# **Reconfiguration of Embedded Java Applications**

João Cláudio Soares Otero, Flávio Rech Wagner, Luigi Carro

Universidade Federal do Rio Grande do Sul – Instituto de Informática Porto Alegre, Brazil {jcotero,flavio,carro}@inf.ufrgs.br

#### Abstract

This work presents the development of a coarse grain reconfigurable unit to be coupled to a native Java microcontroller, which is designed for an optimized execution of the embedded application. Code fragments to be accelerated through this unit are identified by profiling the application. The unit is able to explore ILP in a simple way and allows for Java compatibility, while also reducing the number of executed instructions, thus improving the performance with simultaneous energy savings. In many cases, as demonstrated by experiments, it also allows for smaller power consumption.

#### 1. Introduction

The growing of the embedded systems market, together with the increasing popularity of Java applications for the consumer electronics industry [1], gives margin to a new focus on the embedded computation landscape, which must increasingly consider the issues of design complexity, time-to-market, and software compatibility. Besides that, the requirement of energy savings with simultaneous performance improvement is imposed by the current mobile systems. Traditional RISC processors achieve high performance by applying techniques that result in high power consumption and are not appropriate for the embedded systems domain [2]. In this context, we are developing a large project around FemtoJava [3], a microcontroller designed for the native execution of bytecodes of embedded Java applications.
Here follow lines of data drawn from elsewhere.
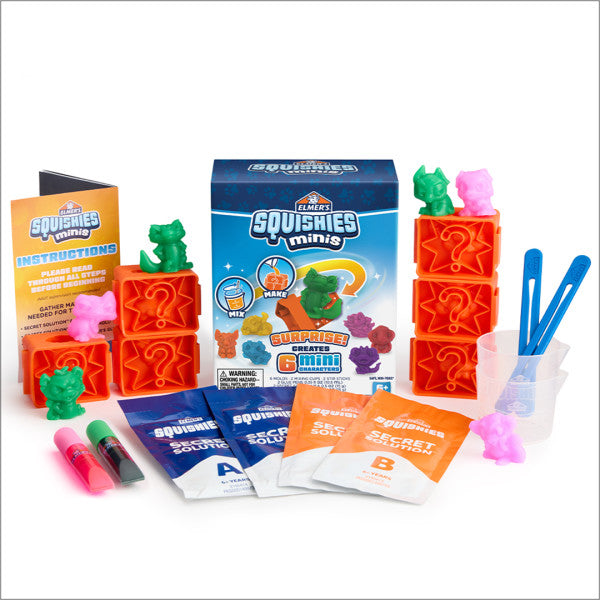 Elmer's DIY Slime & Squishy Toy Bundle: Squishies Minis Zoo Characters & Butter Slime Kit with Glow-in-the-Dark and Glitter Glue – Fun Arts & Crafts for Kids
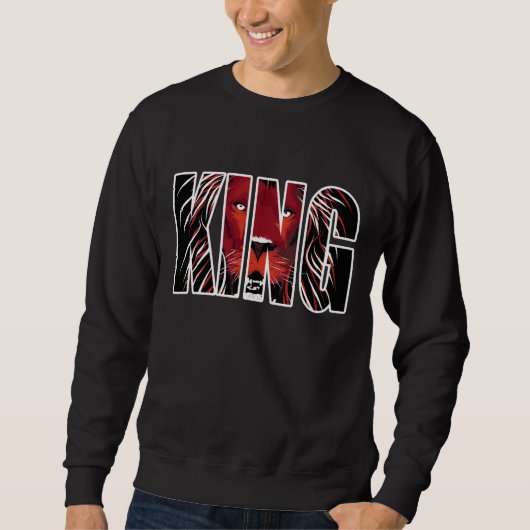 Sweatshirt Face du roi Lion (Devant)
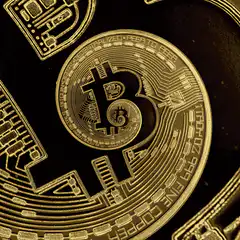 Golden Bitcoin fractal spiral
Since energy savings are one of the main objectives of an embedded system design, we present in this paper Javarray, a coarse grain reconfigurable unit to be coupled to the FemtoJava microcontroller, which is designed for the optimized execution of operand blocks from the more representative basic blocks of embedded applications. These blocks are identified by static profiling of the application.

With profiling analysis applied to the Java code and the use of reconfiguration, we can explore ILP in a simple way and reduce the number of executed instructions, thus improving the performance with simultaneous energy savings. At the same time, software compatibility with the Java application is maintained and a better fit of the application to the embedded systems domain is achieved.
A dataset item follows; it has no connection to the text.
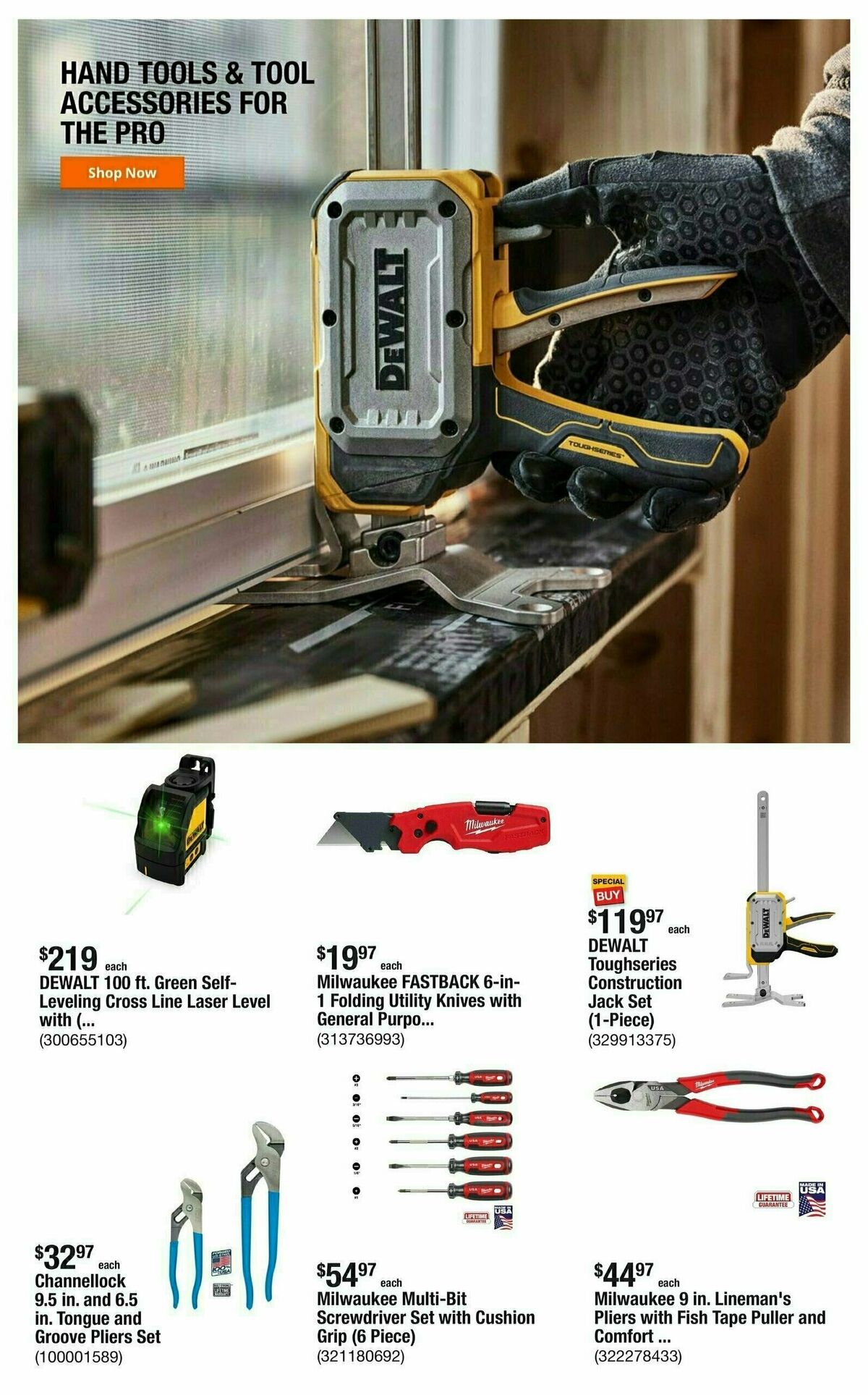 The Home Depot Weekly Ad from November 4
The remaining of this paper is organized as follows. An analysis of related work can be found in Section 2, concerning other architectures that also look for energy savings with simultaneous performance improvements. Section 3 analyzes the properties of embedded Java applications that allow us to derive the main architectural needs of the Javarray reconfigurable unit. Experimental results are presented in Section 4. Section 5, finally, draws main conclusions and introduces future work.

### 2. Related Work

Many reconfigurable architectural designs have been proposed for various goals. Some architectures have a more general goal, trying to explore distinct levels of parallelism for desktop applications, like Piranha [4] and TRIPS [5]. Dealing with the embedded market, the Javarray architecture takes another approach and uses alusized processor elements, proposing a reconfigurable architecture for obtaining energy savings through optimization of critical code. Similar ideas are being explored with very promising results in related works.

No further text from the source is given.